Exercise prompt: Your answer should be a faithful copy of the entire listing.

Dataset excerpt:
▬▬▬
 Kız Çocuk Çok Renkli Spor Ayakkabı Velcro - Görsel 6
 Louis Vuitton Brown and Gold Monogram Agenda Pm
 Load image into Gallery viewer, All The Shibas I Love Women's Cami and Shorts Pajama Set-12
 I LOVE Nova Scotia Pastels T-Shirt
▬▬▬
Problem solution:
 Kız Çocuk Çok Renkli Spor Ayakkabı Velcro - Görsel 6
 Louis Vuitton Brown and Gold Monogram Agenda Pm
 Load image into Gallery viewer, All The Shibas I Love Women's Cami and Shorts Pajama Set-12
 I LOVE Nova Scotia Pastels T-Shirt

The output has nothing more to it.